__EXERCISE BRIEF__
This exercise calls for the records to be returned exactly, with images removed.

__DATASET RECORDS__
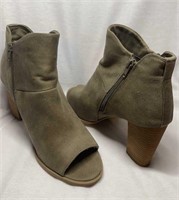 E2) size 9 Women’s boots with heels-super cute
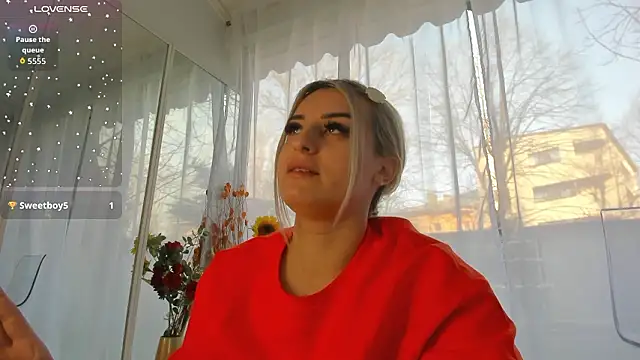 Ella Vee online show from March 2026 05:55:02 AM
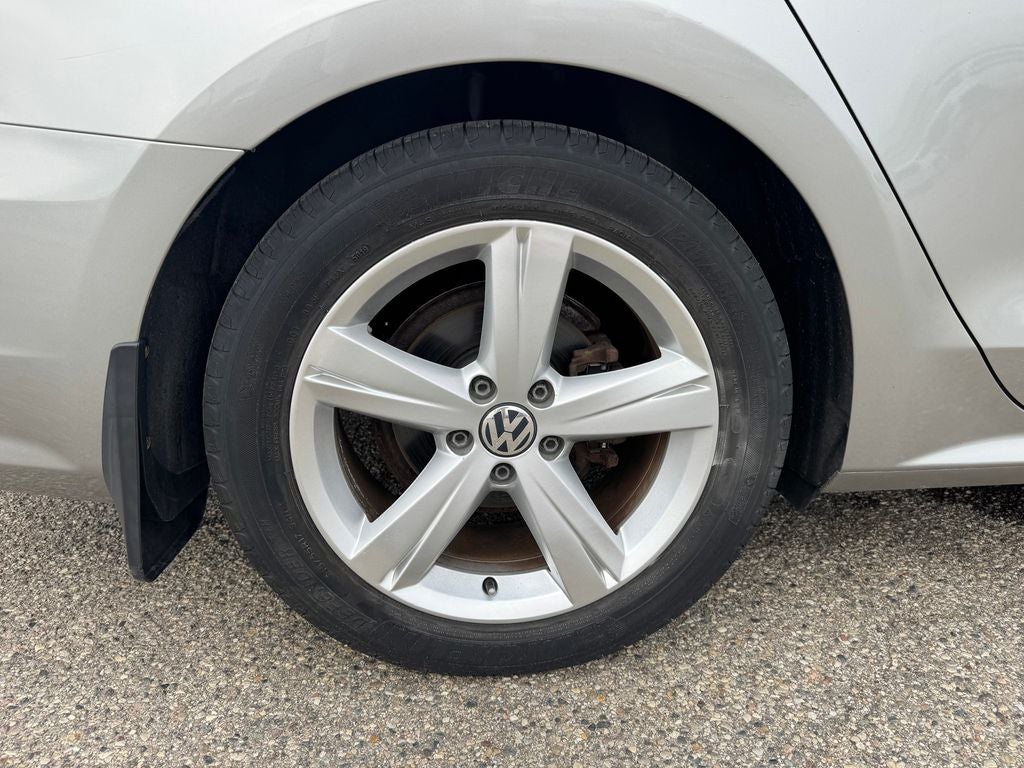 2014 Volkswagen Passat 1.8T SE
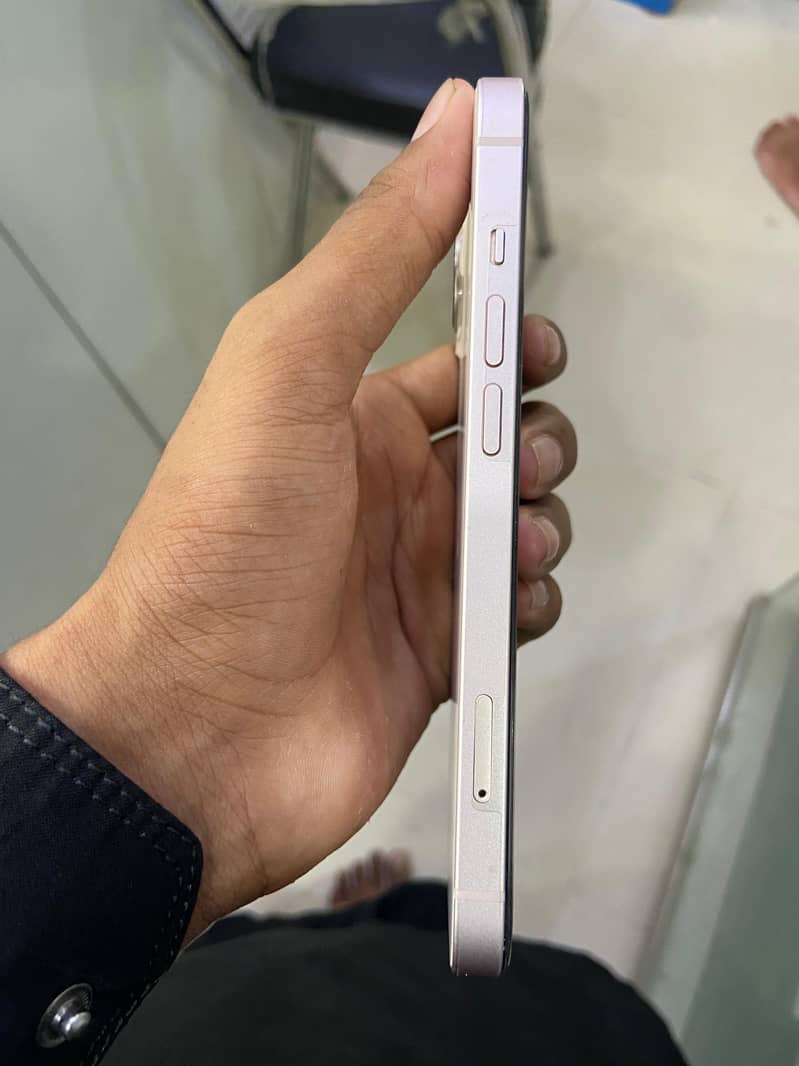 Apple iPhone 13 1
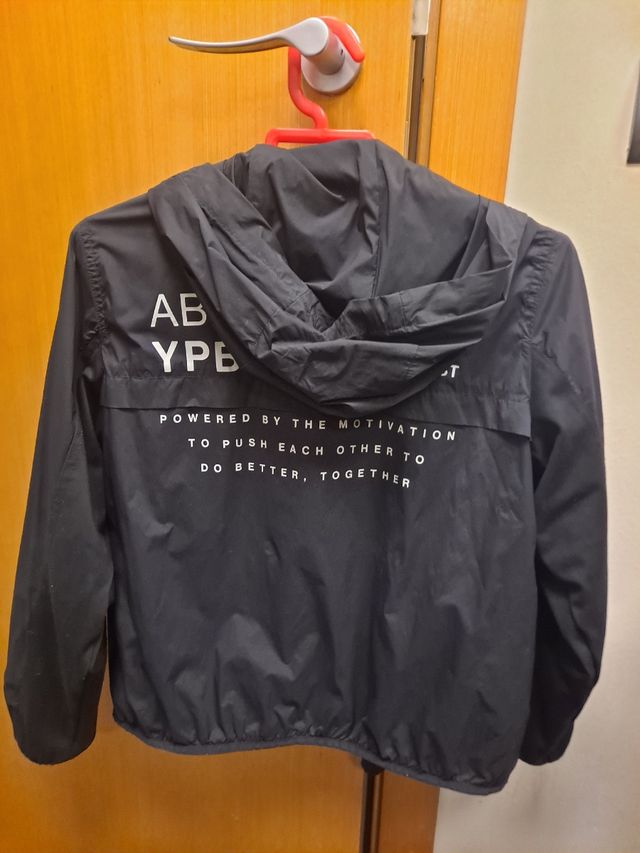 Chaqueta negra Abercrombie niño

__WORKED SOLUTION__
 E2) size 9 Women’s boots with heels-super cute
 Ella Vee online show from March 2026 05:55:02 AM
 2014 Volkswagen Passat 1.8T SE
 Apple iPhone 13 1
 Chaqueta negra Abercrombie niño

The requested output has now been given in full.